- Born: New York, New York
- Education: University of Colorado University of Rochester
- Known for: Software Engineering
- Awards: ACM Fellow (1998) IEEE Fellow (2011)
- Scientific career
- Fields: Computer Science
- Workplaces: University of Massachusetts Amherst
- Thesis: Test Data Generation and Symbolic Execution of Programs as an Aid to Program Validation (1976)
- Doctoral advisor: Leon J. Osterweil
- Doctoral students: Alexander L. Wolf
- Website: laser.cs.umass.edu/people/clarke.html

= Lori A. Clarke =

American computer scientist

Lori A. Clarke is an American computer scientist noted for her research on software engineering. Her research investigates the application of software engineering technologies to detect errors and vulnerabilities in human-intensive processes in healthcare, scientific workflow, and digital government.

==Biography==
Clarke received a B.A. in Mathematics from the University of Rochester in 1969. She received a Ph.D in Computer Science from the University of Colorado in 1976.
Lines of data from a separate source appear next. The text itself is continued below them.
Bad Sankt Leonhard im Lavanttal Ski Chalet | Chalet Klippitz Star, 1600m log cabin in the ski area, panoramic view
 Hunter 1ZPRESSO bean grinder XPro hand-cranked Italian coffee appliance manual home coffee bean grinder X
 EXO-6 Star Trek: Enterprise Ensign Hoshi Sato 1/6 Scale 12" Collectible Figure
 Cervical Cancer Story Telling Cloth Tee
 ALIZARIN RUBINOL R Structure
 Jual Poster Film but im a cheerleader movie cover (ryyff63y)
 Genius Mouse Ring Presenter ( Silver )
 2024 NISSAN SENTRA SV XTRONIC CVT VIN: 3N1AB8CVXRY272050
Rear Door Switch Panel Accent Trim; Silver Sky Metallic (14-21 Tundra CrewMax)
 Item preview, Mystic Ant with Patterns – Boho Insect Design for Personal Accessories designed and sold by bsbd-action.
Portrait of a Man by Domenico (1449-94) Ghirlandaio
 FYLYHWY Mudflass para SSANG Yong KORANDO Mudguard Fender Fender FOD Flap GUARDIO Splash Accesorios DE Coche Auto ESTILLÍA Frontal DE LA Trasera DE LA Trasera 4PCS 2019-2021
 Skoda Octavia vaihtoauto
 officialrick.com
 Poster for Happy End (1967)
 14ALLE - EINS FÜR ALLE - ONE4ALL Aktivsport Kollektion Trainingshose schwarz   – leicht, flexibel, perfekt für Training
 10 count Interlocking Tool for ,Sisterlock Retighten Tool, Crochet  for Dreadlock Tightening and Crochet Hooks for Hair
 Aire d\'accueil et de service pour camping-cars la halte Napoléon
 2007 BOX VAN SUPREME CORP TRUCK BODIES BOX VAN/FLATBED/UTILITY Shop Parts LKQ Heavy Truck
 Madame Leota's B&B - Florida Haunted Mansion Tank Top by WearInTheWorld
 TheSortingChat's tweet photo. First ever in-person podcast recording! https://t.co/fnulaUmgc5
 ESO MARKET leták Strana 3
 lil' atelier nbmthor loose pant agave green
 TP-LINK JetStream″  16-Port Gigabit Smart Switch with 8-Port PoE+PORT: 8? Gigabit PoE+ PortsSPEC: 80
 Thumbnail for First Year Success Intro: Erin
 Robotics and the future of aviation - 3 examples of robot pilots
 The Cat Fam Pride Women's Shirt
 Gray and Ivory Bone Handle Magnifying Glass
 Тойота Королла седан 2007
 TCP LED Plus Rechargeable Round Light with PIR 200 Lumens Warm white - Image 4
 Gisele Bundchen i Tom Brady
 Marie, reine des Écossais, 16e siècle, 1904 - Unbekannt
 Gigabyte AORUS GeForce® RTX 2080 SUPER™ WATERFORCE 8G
She then joined the Department of Computer Science at the University of Massachusetts Amherst as an assistant professor in 1976. While there she was promoted to associate professor in 1981 and to professor in 1986. In 2011, she became the chair of the School of Computer Science. In 2015 she earned the status of emeritus professor.

She was a board member for SIGSOFT from 1985 to 2001, including the chair from 1993 to 1997. She was a board member of CRA from 1999 to 2009. She has been a member of the CRA-W Board since 2001 and was the co-chair of CRA-W from 2005 to 2008.

Clarke is noted for her leadership in broadening participation in computing, particularly from underrepresented minorities.

==Awards==
In 1998, she was named an ACM Fellow.

Her other notable awards include:
- IEEE Fellow in 2011 for contributions to software testing and verification.